WW: Round and Round We Go
I'm always amused by jokes and rhymes and poems that go in loops. For instance, when I was a kid, my father told me, "Pete and Re-Pete went out in a boat. Pete fell overboard. Who was left?" I answered, "Re-Pete," and he of course said, "Pete and Re-Pete went out in a boat..."
Along similar lines, and slightly reminiscent of "A my name is Alice," is this infinite jest:
My name is Yon Yonson
I live in Wisconsin
I work in a lumber mill there.
All the people I meet
when I walk down the street
say "Hello, what's your name?" and I say:
My name is Yon Yonson
I live in Wisconsin...
I don't know the source of that one; I always heard it as a folk rhyme. Carl Sandburg apparently recorded it on a Columbia album in the sixties.
There's a King Crimson song called "Indiscipline" (from the album Discipline; words by Adrian Belew) to which the most notable words are:
I repeat myself when under stress
I repeat myself when under stress
I repeat myself when under stress...
A friend and I programmed a computer in college to print out that sentence forever...
Jim Moskowitz provides this infinitely long double dactyl:
Higgledy-Piggledy
Douglas R. Hofstadter
Went to his editors
Asked for time off:"I'll never finish this
Self-repetitiousness!
Higgledy-Piggledy
Douglas R. Hof-stadter
Went to his editors
Asked for time off...
Next time you're sitting around being bored, with a friend, try out one of these old comedy routines (perhaps originally from Vaudeville?).

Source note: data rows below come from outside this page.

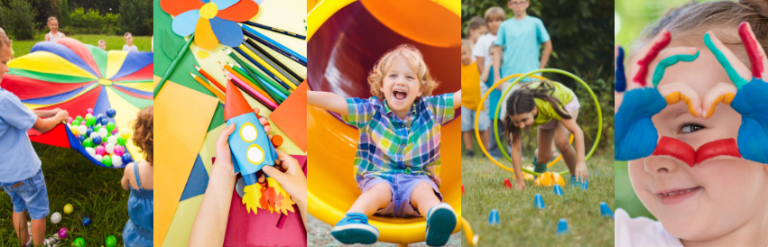 Collage of children playing outside in the summer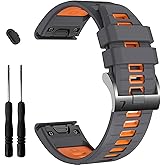 EZMVZKU 22mm Quickfit Silicone WatchBand for Fenix 8/8Pro 47mm/Fenix 7/6/5/7 Pro/6 Pro/5 Plus,Sport Band Straps for Forerunner 970 965 955/Quatix 8/tactix 8 AMOLED/Approach S70 47mm/S62/Descent G2/G1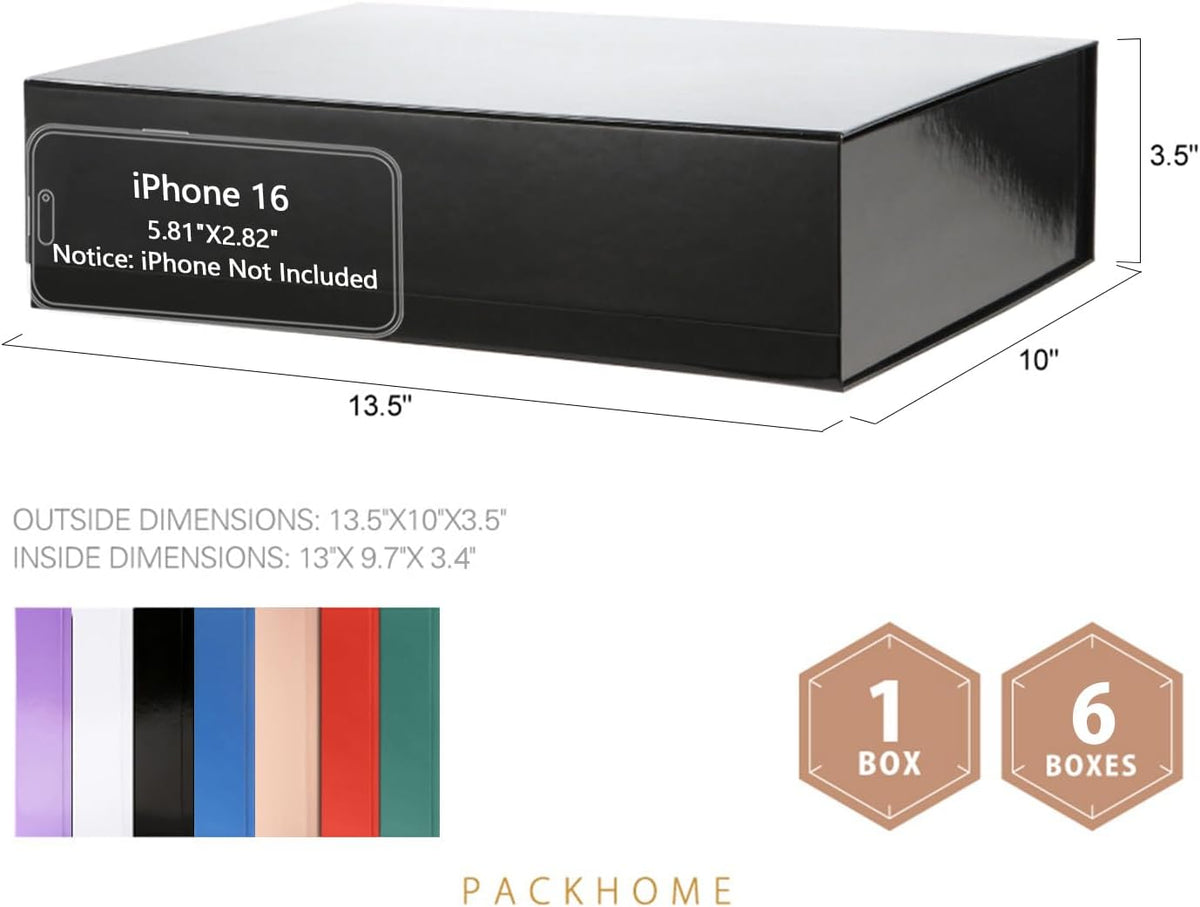 PACKHOME 6 Large Gift Boxes 13.5x10x3.5 Inches, Sturdy Shirt Boxes with Magnetic Lids for Multiple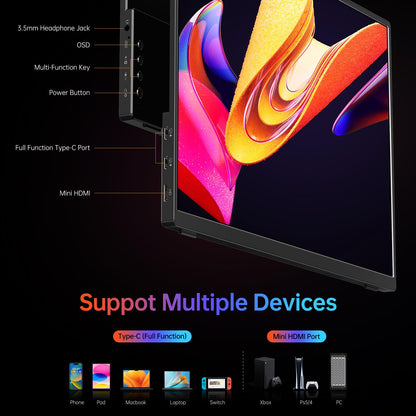 VILVA portable monitor - 15.6 inch 1080P FHD with USB-C and HDMI connectivity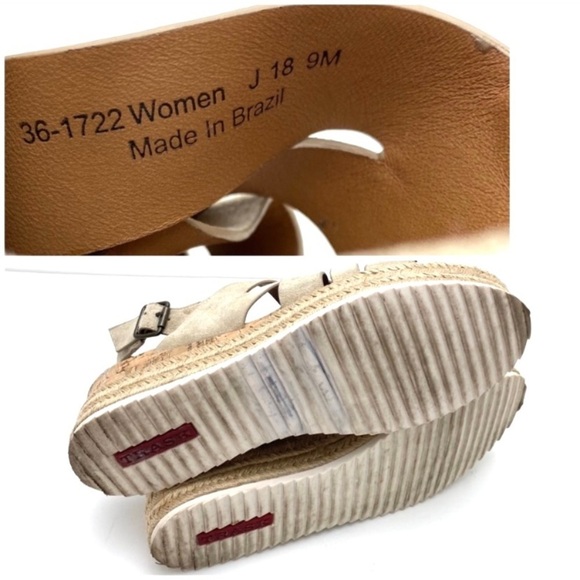 TRASK Randi Suede Strap Platform Sandal Beige Taupe Oiled Suede Size 9 36-1722 - Picture 9 of 10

If you're really bored, you can keep them going forever.
Damian: That's life.
Evelyn: What's life?
Damian: A magazine.
Evelyn: What does it cost?
Damian: Ten cents. [like I said, an old routine]
Evelyn: That's too much.
Damian: That's life.
Evelyn: What's life?...And on a similar note:
Evelyn: You remind me of a man.
Damian: What man?
Evelyn: A man with the power.
Damian: What power?
Evelyn: The power of hoodoo.
Damian: Hoodoo?
Evelyn: You do.
Damian: Do what?
Evelyn: Remind me of a man...(Not that it's really relevant to the above, but I thought it worth mentioning that Hoodoo is an African-American form of folk magic, as well as apparently being another name for Voodoo (aka Vodun and other variations), a religious system started in Haiti whose name may come from a word meaning "spirit" in a West African language. Much more information about Hoodoo is available at catherine yronwode's Lucky Mojo site.)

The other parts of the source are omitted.